Tarımsal Strateji ve Politika Geliştirme Merkezi (TARPOL), tarıma dair 75 milyon veriyi analiz ederek Sektörel Araştırmalar ve Ekonomik Göstergeler Raporu’nu “Tarpovizyon” adı verilen web tabanlı portal aracılığıyla kullanıma sundu.
Raporda bitkisel/hayvancılık/tarım havzaları ile ilgili makro ve bölgesel bilgiler yer alıyor. Raporun ikinci fazında iklim/toprak/su gibi veriler, tarım ve gıda sektörüne dair yapay zekâyla elde edilecek öngörüler yer alacak.
Evrende milyarlarca veri, verilerin birlikteliğinde sonsuz algoritmalar saklı. Etkin strateji oluşturma, verileri doğru analiz etme ve veride saklı mesajı doğru okuyabilmekle mümkün. Eker’in tarımı yönetmek için “bilgi ve hikmete gerek var” sözündeki “hikmetin” “vatanseverlik/yetkinlik/veri aklı/entelektüel farkındalık” olduğunu tahmin ediyorum. Eker, “milyonlarca veri Tarpol uzmanları tarafından kuyumcu titizliğiyle işlendi. Geçmişte Tarım Bakanlığı’nda çalışan herkes bir tecrübe. Her tecrübenin devlete bir maliyeti var. Hedefimiz, tarım ve gıdaya dair entelektüel sermaye ve tecrübeyi tekrar tarım ekosisteminin hizmetine sunmak” dedi.
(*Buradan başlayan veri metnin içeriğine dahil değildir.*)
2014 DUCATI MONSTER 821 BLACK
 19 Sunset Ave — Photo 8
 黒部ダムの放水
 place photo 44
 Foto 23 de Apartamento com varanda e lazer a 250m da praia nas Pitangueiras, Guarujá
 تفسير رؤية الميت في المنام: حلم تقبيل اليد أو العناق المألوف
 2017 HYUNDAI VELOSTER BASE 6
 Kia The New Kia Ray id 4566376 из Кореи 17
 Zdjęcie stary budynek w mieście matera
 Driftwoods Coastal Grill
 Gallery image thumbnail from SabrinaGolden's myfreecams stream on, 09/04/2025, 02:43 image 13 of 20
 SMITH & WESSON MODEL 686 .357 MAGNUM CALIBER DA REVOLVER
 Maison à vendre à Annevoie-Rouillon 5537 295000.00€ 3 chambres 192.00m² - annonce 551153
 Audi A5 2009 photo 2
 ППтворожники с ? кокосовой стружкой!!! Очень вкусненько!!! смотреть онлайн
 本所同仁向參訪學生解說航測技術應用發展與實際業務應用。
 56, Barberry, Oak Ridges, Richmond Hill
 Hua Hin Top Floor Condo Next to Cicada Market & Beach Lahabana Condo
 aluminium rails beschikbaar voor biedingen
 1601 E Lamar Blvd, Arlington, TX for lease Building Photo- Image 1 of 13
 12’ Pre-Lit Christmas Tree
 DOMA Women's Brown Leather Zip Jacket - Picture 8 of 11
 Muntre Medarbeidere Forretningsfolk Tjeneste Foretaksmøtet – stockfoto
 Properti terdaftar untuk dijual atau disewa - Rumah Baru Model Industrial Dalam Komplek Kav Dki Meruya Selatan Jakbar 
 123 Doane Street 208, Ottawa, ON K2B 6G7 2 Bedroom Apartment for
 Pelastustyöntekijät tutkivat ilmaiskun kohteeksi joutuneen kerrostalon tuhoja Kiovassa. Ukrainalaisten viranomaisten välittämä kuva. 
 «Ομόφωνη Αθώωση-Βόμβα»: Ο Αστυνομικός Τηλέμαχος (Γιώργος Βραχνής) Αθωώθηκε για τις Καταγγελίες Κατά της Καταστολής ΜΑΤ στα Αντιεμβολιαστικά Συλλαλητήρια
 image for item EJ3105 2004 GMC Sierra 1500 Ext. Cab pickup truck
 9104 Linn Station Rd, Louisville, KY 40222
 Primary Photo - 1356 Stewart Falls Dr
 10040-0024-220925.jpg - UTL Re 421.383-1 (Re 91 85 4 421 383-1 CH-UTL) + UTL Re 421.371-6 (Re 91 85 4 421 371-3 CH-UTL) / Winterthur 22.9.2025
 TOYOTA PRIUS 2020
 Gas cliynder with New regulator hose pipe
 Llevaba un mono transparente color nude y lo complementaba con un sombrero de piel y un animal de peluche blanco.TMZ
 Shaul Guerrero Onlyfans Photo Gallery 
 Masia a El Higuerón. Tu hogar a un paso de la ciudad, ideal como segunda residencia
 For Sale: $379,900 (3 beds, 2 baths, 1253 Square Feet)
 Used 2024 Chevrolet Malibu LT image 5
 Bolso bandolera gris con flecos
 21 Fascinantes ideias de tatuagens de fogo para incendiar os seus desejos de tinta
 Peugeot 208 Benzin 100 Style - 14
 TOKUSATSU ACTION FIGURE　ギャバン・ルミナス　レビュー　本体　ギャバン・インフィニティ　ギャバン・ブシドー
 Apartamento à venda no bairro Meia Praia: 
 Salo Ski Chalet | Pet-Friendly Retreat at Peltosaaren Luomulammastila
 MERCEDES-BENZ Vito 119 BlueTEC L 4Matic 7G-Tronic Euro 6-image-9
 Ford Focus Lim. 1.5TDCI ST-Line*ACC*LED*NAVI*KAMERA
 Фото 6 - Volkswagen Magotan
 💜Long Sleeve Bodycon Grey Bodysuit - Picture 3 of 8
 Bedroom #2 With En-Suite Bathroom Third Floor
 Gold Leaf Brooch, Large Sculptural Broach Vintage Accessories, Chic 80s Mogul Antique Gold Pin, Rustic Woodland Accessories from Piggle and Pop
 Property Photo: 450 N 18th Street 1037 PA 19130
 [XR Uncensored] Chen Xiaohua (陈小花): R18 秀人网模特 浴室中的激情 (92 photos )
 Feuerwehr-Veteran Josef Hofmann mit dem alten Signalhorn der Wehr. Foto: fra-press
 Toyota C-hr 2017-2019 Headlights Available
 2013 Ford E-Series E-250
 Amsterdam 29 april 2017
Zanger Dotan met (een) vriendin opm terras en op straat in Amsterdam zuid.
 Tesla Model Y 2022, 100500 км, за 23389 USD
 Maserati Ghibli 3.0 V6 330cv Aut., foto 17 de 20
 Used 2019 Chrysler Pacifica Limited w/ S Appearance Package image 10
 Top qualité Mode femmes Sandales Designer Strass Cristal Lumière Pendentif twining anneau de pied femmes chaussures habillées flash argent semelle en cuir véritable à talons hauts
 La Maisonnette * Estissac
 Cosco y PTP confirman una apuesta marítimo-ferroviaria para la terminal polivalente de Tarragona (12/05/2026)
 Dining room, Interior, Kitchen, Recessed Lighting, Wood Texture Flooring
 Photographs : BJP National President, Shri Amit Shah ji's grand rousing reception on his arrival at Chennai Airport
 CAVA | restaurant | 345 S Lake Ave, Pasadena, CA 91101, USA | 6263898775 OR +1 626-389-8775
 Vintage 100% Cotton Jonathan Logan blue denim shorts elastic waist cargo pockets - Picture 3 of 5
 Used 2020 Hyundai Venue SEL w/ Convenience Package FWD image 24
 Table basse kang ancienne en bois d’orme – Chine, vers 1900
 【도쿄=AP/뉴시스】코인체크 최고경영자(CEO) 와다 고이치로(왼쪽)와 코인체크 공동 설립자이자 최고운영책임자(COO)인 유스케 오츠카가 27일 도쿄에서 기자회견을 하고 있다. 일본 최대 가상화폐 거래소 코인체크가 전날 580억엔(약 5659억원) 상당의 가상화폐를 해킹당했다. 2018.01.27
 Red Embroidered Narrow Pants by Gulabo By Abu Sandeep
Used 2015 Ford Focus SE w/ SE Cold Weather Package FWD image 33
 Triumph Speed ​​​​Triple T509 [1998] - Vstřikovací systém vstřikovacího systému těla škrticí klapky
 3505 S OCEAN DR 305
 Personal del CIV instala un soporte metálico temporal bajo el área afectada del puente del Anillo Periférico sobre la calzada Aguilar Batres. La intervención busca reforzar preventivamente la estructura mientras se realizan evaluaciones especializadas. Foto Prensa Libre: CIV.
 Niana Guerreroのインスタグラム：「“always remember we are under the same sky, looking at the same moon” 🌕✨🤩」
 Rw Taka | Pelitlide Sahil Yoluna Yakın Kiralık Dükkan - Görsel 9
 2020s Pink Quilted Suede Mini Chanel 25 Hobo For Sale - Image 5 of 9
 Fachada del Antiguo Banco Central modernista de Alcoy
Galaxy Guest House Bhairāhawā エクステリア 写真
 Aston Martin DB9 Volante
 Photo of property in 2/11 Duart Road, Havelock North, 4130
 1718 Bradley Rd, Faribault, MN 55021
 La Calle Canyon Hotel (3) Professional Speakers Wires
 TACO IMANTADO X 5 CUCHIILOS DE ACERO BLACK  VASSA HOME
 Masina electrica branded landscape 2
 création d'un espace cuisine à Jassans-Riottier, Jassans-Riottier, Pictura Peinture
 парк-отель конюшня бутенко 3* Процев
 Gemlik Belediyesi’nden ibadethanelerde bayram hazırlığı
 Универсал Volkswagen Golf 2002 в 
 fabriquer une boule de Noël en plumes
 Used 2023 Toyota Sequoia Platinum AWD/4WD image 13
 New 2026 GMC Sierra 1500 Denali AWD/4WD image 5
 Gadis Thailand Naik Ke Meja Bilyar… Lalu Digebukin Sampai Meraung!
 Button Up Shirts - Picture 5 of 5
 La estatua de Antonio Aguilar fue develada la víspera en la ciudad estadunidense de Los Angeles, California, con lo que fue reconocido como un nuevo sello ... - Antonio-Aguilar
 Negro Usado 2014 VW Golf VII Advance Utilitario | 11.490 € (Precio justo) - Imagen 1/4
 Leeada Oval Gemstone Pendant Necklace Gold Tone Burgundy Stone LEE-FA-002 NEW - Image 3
Trends in Plant Science’de yayınlanan bir makaleye göre; “artık tarım yapmak imkânsızlaşıyor. Bilim insanları bir araya gelmeli, kamu güveni sağlanmalı. Zamanımız kalmadı.” Sera gazı emisyonlarının yüzde 26’sı tarım kaynaklı olmasına rağmen küresel iklim fonunun sadece yüzde 4’ü iklime dayanıklı gıda sistemleri kurmaya yönelik.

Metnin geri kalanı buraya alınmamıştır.